(Warning: Images in the Facebook post below contain offensive language)
A Natick man said he has received threatening letters demanding that he not bring black people to visit his neighborhood, citing the election of Donald Trump as evidence that “we have reclaimed our country,” according to police, who are investigating the incident as a possible hate crime.
The messages told the recipient that they were his first and second warnings. Natick police Lieutenant Cara Rossi confirmed that the man had reported receiving the letters. The man who said he received the letters posted them to a Facebook page registered under the name Andrew Provost. He could not be reached for comment.
The letters, one received on Nov. 10 and another on Nov. 11, referenced Trump’s election to support the writer’s demand that the man stop bringing nonwhites around. Both letters were found on the recipient’s doorstep, police said.
“We have reclaimed our country by selecting Trump and you are now messing up every thing,” one letter read. “Natick has a zero tolerance for black people,” it said.
The letters contained a number of racial slurs and insults. One was signed “Concerned Neighbors.”
“Being a white man and never having personally experienced this kind of racial bigotry I am truly humbled and angered and ashamed by what is still present in our world today,” the post said.
There has been a rash of similar incidents nationwide in the days following Trump’s election. In an interview with “60 Minutes,” the president-elect said he had been unaware of such activity, and urged the perpetrators to stop.
After seeing the Facebook post, Natick Superintendent Peter Sanchioni and school leaders wrote to the school community, condemning the offensive statements and assuring students that such attitudes would not be tolerated.

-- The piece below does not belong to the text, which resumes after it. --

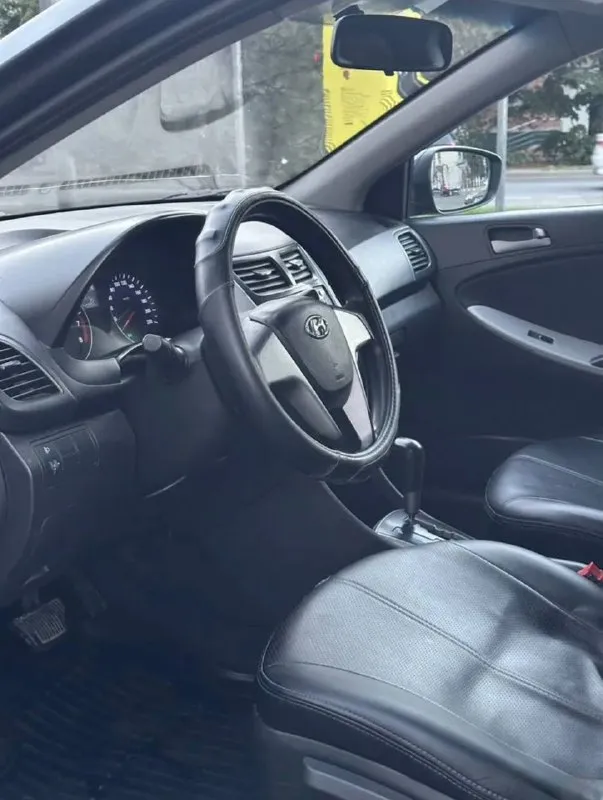 Продам hyundai solaris 1.4 автомат 2015 года. пробег 241 000 км. кондиционер работает, установлен ксенон. технически вложений никаких не требует. были незначительные дтп, есть крашенные детали, была замена двигателя на аналогичный 1.4. двигатель на гарантии, все документы имеются, с постановкой на учет ни каких проблем нет, юридически чистая ✅ есть техосмотр, действует до сентября 2026 года. мариуполь, цена 690 тысяч рублей. подробности по телефону 📲 +7(949)565-09-51 📞 звоните: +7(949)5650951 - фотография - 10
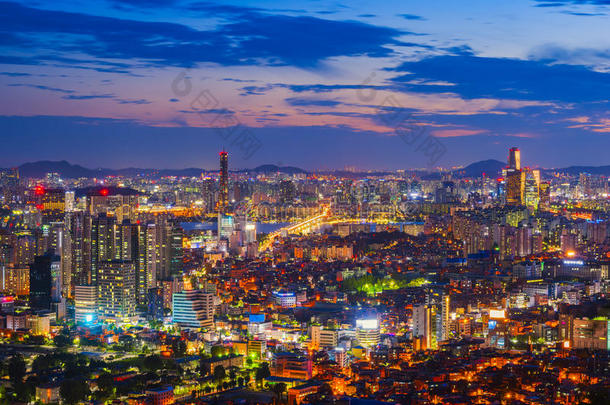 日落在63建筑物关于首尔城市,南方朝鲜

“I’m shocked, totally shocked. I’ve never seen anything like this in the Natick community. It’s a place we’ve been proud of, to say that we’ve always been ahead of the curve,” Sanchioni said in an interview.
The superintendent said schools will continue to provide support for students who are affected by the election and by any other incidents.
“We stand at the ready to ensure that no person will be mistreated, discriminated against, or excluded based on gender, race, class, religion, ethnicity, sexual orientation, gender identity, learning style, abilities, or political party,” the school leaders wrote in their message.